Tendo em conta o que temos observado nos últimos resultados eleitorais, como nas sondagens, onde é que a direita social a que diz pertencer, tem falhado?

A esquerda é que está no poder.

Exatamente.

Se me perguntasse como é que a esquerda tem cumprido, melhor ou pior, eu não responderia porque não seria a função do PR. Agora, pergunta-me onde é que a direita social tem falhado nas decisões que tem tomado... Não tem tomado decisões, a não ser a nível autárquico onde o centro-direita e a direita têm poder. A nível regional tem acertado, mais ou menos, mas é um elogio que eu devo fazer - muitas vezes fala-se apenas naquilo que tem sido a preocupação do PR com a estabilidade a nível nacional, mas ela existe também a nível regional e local. Tenho acompanhado com gratidão aquilo que a nível da governação regional, na Madeira e nos Açores - aqui com um novo Governo Regional, na Madeira com a renovação ou a continuação, de uma forma diversa, da experiência governativa anterior - e a nível das autarquias o que se tem feito. Quem está mais próximo do terreno tem sido heroico. Os autarcas foram heróis. Eu falei com todos, das 308 câmaras, e ouvi histórias indizíveis. Eu não publico memórias, mas o que eles tiveram de fazer quando havia por exemplo, em certos lares clandestinos que não eram conhecidos, situações que de repente foram descobertas... quando responsáveis de instituições de solidariedade social se viram quase bloqueados na resolução de problemas básicos - não havia testes, material de proteção sanitária, coisas básicas, e os autarcas fizeram coisas do outro mundo, como trazer esse material da China, de Espanha, apesar de as fronteiras estarem fechadas... Foram coisas espantosas.

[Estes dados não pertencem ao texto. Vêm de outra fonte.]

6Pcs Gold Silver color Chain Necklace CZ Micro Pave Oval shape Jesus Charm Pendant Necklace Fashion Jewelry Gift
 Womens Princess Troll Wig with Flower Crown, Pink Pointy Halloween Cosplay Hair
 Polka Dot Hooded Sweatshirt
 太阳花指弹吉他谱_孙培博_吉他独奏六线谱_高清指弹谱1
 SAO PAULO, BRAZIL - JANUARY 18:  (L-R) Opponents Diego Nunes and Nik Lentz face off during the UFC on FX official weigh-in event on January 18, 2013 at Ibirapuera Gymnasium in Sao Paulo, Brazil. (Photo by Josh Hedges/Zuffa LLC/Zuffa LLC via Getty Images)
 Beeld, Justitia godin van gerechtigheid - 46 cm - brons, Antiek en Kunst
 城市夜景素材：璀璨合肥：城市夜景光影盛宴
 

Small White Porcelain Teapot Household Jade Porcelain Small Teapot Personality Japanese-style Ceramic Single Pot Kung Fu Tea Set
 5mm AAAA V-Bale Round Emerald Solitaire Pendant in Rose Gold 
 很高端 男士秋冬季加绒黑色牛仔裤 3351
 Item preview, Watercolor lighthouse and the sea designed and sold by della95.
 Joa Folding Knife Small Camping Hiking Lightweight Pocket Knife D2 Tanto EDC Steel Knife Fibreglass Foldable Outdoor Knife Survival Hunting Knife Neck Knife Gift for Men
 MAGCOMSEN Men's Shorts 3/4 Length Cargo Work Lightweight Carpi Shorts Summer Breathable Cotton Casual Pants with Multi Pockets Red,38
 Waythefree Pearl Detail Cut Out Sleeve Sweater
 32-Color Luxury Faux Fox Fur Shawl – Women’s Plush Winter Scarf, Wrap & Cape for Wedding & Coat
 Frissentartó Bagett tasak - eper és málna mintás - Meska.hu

O senhor é que há dias dividia a direita entre social, à qual diz pertencer, e do medo. Aparentemente a direita do medo é que está em crescimento e a social em perda.

Eu falei nessas duas, mas há outras.

Mas na direita social julga que fazem falta, na primeira linha, figuras como Pedro Passos Coelho ou Paulo Portas?

Isso é entrar naquilo em que o PR não deve entrar. É perguntar: Como é que resolvia a situação deste partido? Tenciona criar um partido? Não. Tenciona escolher líderes partidários? Não. Tenciona condicionar a escolha de líderes partidários? Não. Tenciona ter iniciativas políticas para canalizar a oposição num determinado sentido que lhe é mais agradável? Não. Não é a função do PR. Essa experiência já tive como líder partidário. Foi uma experiência fascinante, muito intensa, conheço essa experiência na oposição, conheci-a no poder como autarca. Conheci no poder, não como líder, como dirigente partidário integrando um governo. O PR está noutro plano. É interessante perguntar-lhe: Ora diga lá, o que é que lhe dava mais jeito em termos de membros do governo? Quem é que escolhia para ministros? Quantos partidos queria na oposição?